→ Task objective
Once you find the line with "Квартира с 2" in the data below, transcribe exactly each line from there to the line with "L'allée des nains, site", inclusive, and nothing else. Drop the pictures.

→ Entries supplied
********

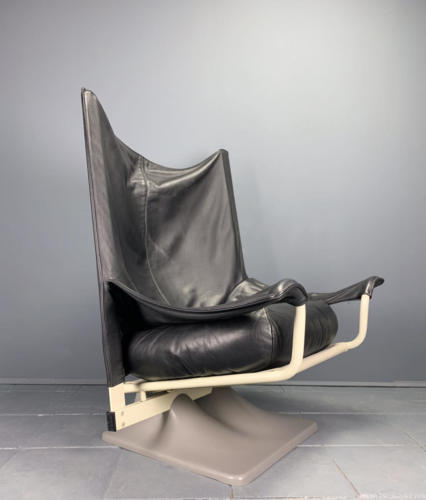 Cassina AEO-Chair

********

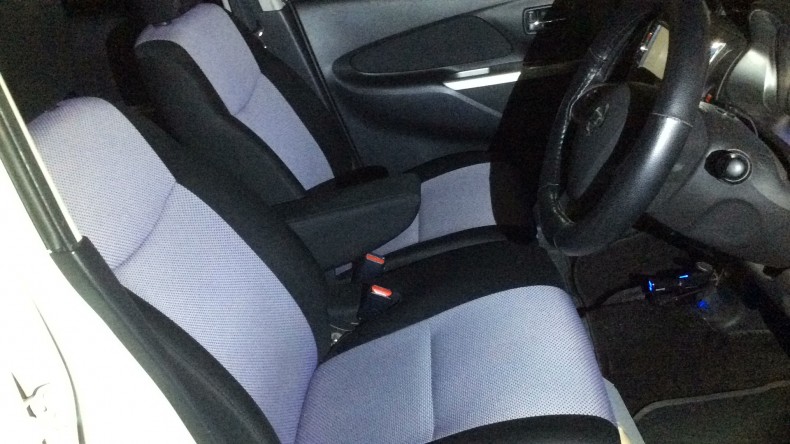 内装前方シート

********

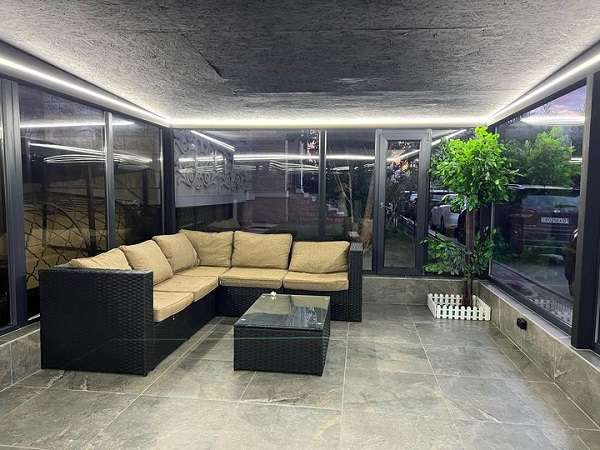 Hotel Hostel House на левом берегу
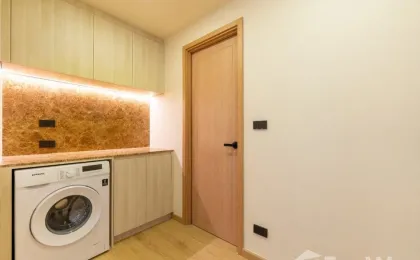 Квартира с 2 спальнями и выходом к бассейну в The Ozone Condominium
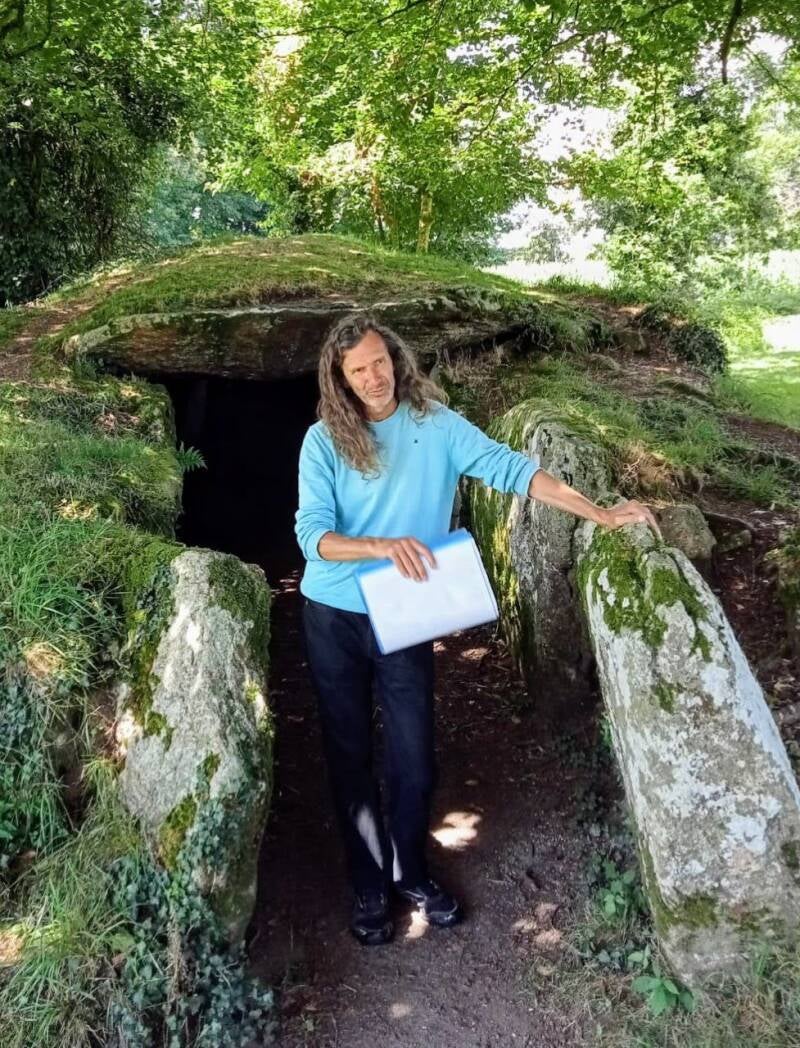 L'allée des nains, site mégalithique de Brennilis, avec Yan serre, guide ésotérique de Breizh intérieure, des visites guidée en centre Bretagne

********

→ Response
 Квартира с 2 спальнями и выходом к бассейну в The Ozone Condominium
 L'allée des nains, site mégalithique de Brennilis, avec Yan serre, guide ésotérique de Breizh intérieure, des visites guidée en centre Bretagne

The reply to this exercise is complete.